This exercise calls for an exact copy of the data below.

*** Opening of Data shown ***

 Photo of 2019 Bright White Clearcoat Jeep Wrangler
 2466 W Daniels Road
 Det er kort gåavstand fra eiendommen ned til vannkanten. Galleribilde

*** Close of Data shown ***

Answer space>
 Photo of 2019 Bright White Clearcoat Jeep Wrangler
 2466 W Daniels Road
 Det er kort gåavstand fra eiendommen ned til vannkanten. Galleribilde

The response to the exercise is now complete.